Predictive coding is set to revolutionise large-scale discovery

By 09/04/2014Discovery
predictive coding

A quiet revolution is occurring in the e-discovery space called predictive coding. In the United States there is growing judicial support for this new method of discovery, which promises to substantially reduce the scale of manual discovery exercises and hence to dramatically reduce the cost of discovery.


  • Predictive coding is a technology assisted review process involving the use of a machine learning algorithm to distinguish relevant from non-relevant documents, based on coding by a “subject matter expert” of a “training set” of documents. [fn1]
  • A “subject matter expert” is a person (typically but not necessarily a lawyer) who is familiar with the information being sought and can render an authoritative determination as to whether a document is relevant or not.[fn2]
  • Predictive coding works by a “training set” of documents being coded by one or more subject matter experts as relevant or non-relevant, from which a machine learning algorithm then infers how to distinguish between relevant and non-relevant documents beyond those in the training set.[fn3]
  • Documents can be coded for relevance as required eg for specific issues and privilege.
  • The process is repeated and refined until the output is measured as being statistically reliable.

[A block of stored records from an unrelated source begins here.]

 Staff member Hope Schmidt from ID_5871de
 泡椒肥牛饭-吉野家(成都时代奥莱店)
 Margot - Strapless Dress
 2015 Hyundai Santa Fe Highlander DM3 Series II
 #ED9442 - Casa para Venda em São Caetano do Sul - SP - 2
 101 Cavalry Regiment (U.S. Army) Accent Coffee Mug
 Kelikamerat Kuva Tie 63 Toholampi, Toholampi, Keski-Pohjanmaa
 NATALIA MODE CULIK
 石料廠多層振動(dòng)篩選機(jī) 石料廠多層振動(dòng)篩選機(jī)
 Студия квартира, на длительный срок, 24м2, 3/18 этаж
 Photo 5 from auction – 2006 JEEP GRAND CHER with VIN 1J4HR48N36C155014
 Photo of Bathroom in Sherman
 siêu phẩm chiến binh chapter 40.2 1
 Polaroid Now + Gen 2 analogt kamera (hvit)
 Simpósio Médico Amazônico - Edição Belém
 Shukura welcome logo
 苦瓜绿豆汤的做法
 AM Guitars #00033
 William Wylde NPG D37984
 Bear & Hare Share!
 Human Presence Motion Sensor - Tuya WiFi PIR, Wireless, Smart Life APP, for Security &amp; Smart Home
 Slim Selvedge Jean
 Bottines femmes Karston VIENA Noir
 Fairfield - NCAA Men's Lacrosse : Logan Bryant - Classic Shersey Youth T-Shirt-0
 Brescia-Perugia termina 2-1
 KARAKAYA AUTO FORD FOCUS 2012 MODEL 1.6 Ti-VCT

Predictive coding avoids the need for human review of significant proportions of large document collections that are deemed non-relevant, leading to substantial cost savings. The process itself is not inexpensive but becomes more cost-effective with greater volumes of documents.

In the United States there is a small but growing number of authorities concerning predictive coding.[fn4]

One of the latest decisions is Federal Housing Finance Agency v HSBC North America Holdings Inc & Ors in which US District Court Judge Denise Cote denied a motion to re-open and challenge the completeness of the plaintiff’s predictive coding discovery (ordered earlier in the proceeding).  In doing so the Judge noted a seminal article by Grossman and Cormack that indicated that:

predictive coding had a better track record in the production of responsive documents than human review, but that both processes fell well short of identifying for production all of the documents the parties in litigation might wish to see”. [fn5]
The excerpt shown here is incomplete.